La historia de Carolina Ortega y su encuentro fortuito con su padre se conoció primero en Twitter, espacio que ella eligió para contar lo que le había pasado. Luego, LA NACION conversó con ella para conocer más detalles y saber si accedía a contar su historia por primera vez en un medio masivo. Su relato lo leyeron más de 80.000 personas; 500 dejaron sus comentarios sobre una historia que conmovía. La mayoría se preguntaba si habría segunda parte. Ahora, Carolina escribe ese segundo capítulo.
“Pasó un mes desde que me encontré a mi viejo, 30 años después de la última vez que lo había visto. Él manejaba el taxi que me llevaba a socorrer a mi mamá, a la que habían asaltado”, dice esta mujer de 36 años. Recuerda que la repercusión de haber contado esto en los medios fue fuerte. Seduce la idea de opinar sobre “un hecho extraordinario en una historia ordinaria: la de una familia que se quiebra y sigue, desmembrada y latiendo a contramano”. Ella reconoce que algunos comentarios le despertaron risas; otros, bronca. “Suponían que todo era una puesta en escena, algunos aseguraban reconocer mi frialdad, otros desconfiaban de que fuera cierto”, enumera. “Nada puede emocionarnos del todo en esta era desencantada donde la inocencia es un lujo que nadie puede darse”, reflexiona. Pero todos los mensajes se volvieron un fondo difuso cuando apareció el de él. Carolina lo cuenta así: “Hace unas tardes recibí un mensaje en Facebook. Era mi viejo. Quería verme y dejaba su número celular”. Dice que desde aquel viaje en taxi ella no había vuelto a pensar en cómo iba a ser el reencuentro, si es que existía. “Tal vez porque sabía que si el destino, Dios o Alá (elija acá el que más le guste) nos había puesto ahí esa noche el resto era de yapa.”
Decidió tomarse la tarde libre en el trabajo. “Llovía como si fuese el último día. Me refugié en una librería con bar. Los libros siempre fueron para mí, en sí, un refugio. Con el tiempo entendí que cuando los sujetos de seguridad fallan (y qué mayor sujeto de seguridad que los padres, ¿no?) siempre hay a mano un objeto de seguridad.”
Ella cree que, quizá para contrarrestar el gris que lo cubría todo ese día, eligió el libro más colorido del estante: Desayuno de campeones, de Kurt Vonnegut. “Lo abrí al azar y leí: «En el núcleo de cada persona que lee este libro hay una franja de luz imperturbable. Acaban de llamar a la puerta de mi piso de Nueva York.
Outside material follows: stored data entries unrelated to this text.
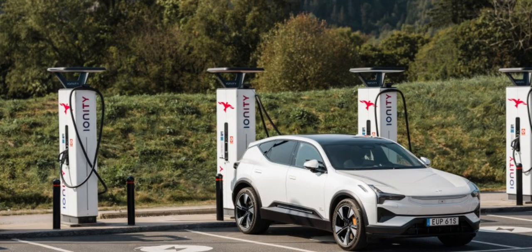Polestar announced its deeper integration with the Plug & Charge service, which has over 800,000 public charging points across Europe, 9,500 of which are high-power charging points. The new Plug & Charge functionality is now available to Polestar 3 owners and in the Polestar Charge app.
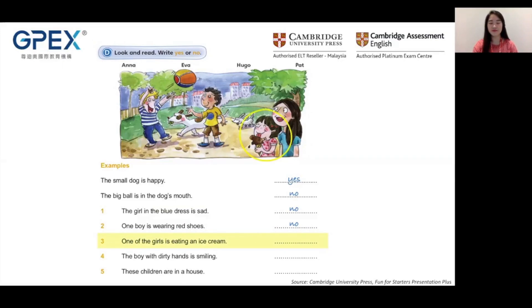Now we are ready to start. You try question one: The girl in the blue dress is sad. Is this girl sad? No, she's smiling. So the answer is no — she's not sad. Good.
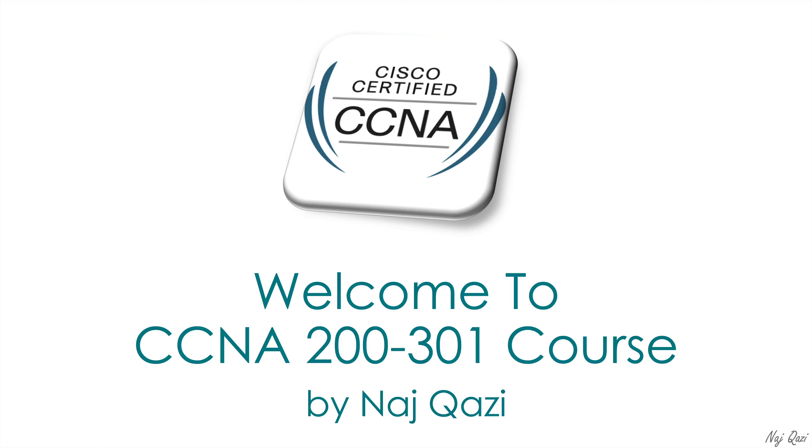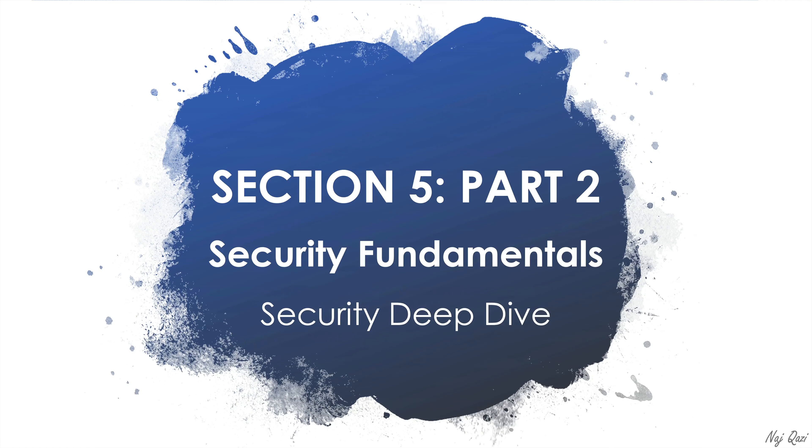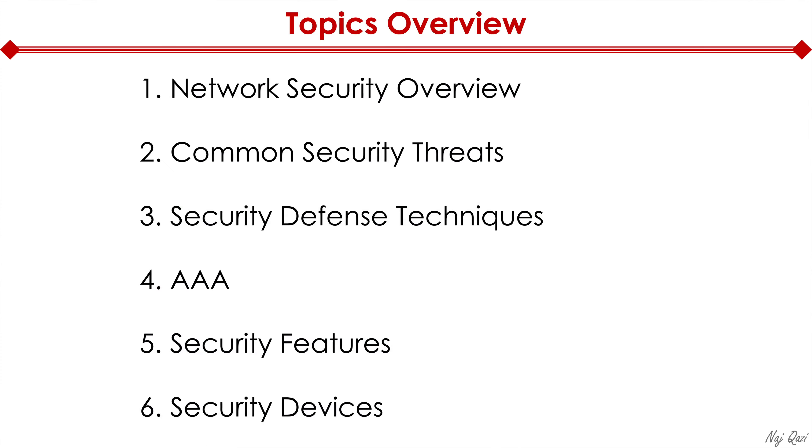Welcome to the CCNA 200-301 course. Today I'm going to cover Section 5, Part 2 of the CCNA Exam — Security Fundamentals. This is going to be one of the most exciting videos. Here are the topics I plan on covering today: first, network security overview; second, common security threats; third, security defense techniques; fourth, AAA; fifth, security features; and finally, I'll wrap it up with security devices.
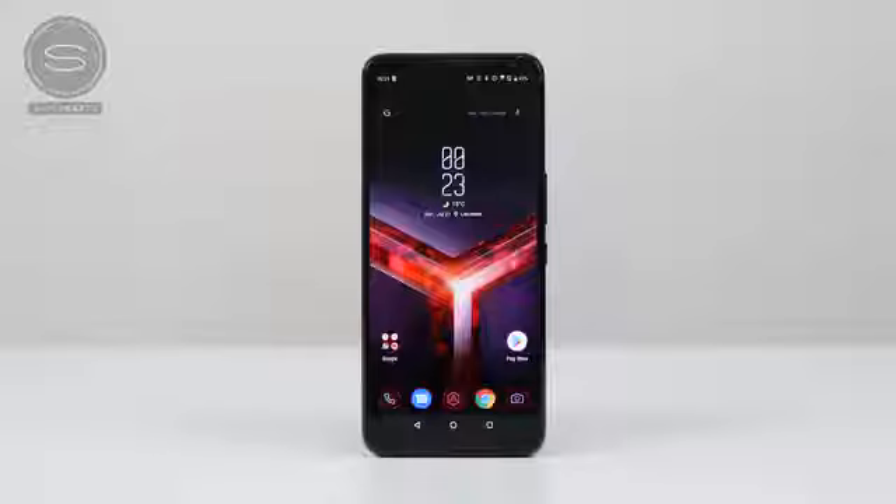Hey guys, Thunder E here, and we are back with another battle vid. This time it's between the brand new ROG Phone 2, with all its sexy specs including that Snapdragon 855 processor, and the ZTE Nubia Red Magic 3, which is a well-priced gaming phone that packs a lot of punch.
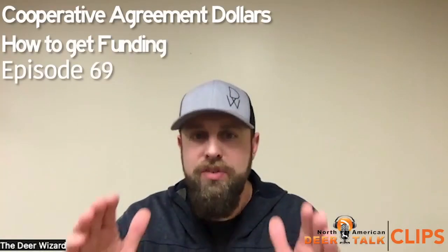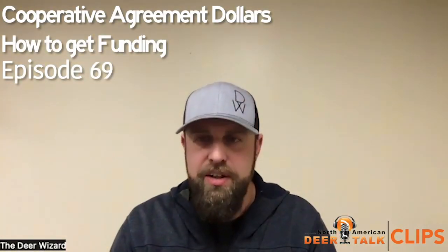Sean, here's the question. If you are a deer farmer in a state and you don't understand or know what this cooperative agreement dollar stuff is, how does a deer farmer go about chatting with their State Department of Agriculture, or University, or whoever they're going to be working with to apply for these dollars? Walk us through that process on a high level, and I'll see if I can drop some basic info in the show notes for people so they know exactly what it is.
Y sé lo que encontraré cuando abra la puerta: una franja de luz imperturbable».”
Esa tarde supo que quería encontrarse con su padre. “Quería escuchar y tratar de ver esa franja de luz imperturbable después de tantas sombras”, dice. “Porque cuando la ausencia es tan grande y tan silenciosa, se convierte en oscuro fantasma, de esos de los que nos cubrimos como chicos con fiebre enredados en las sábanas.”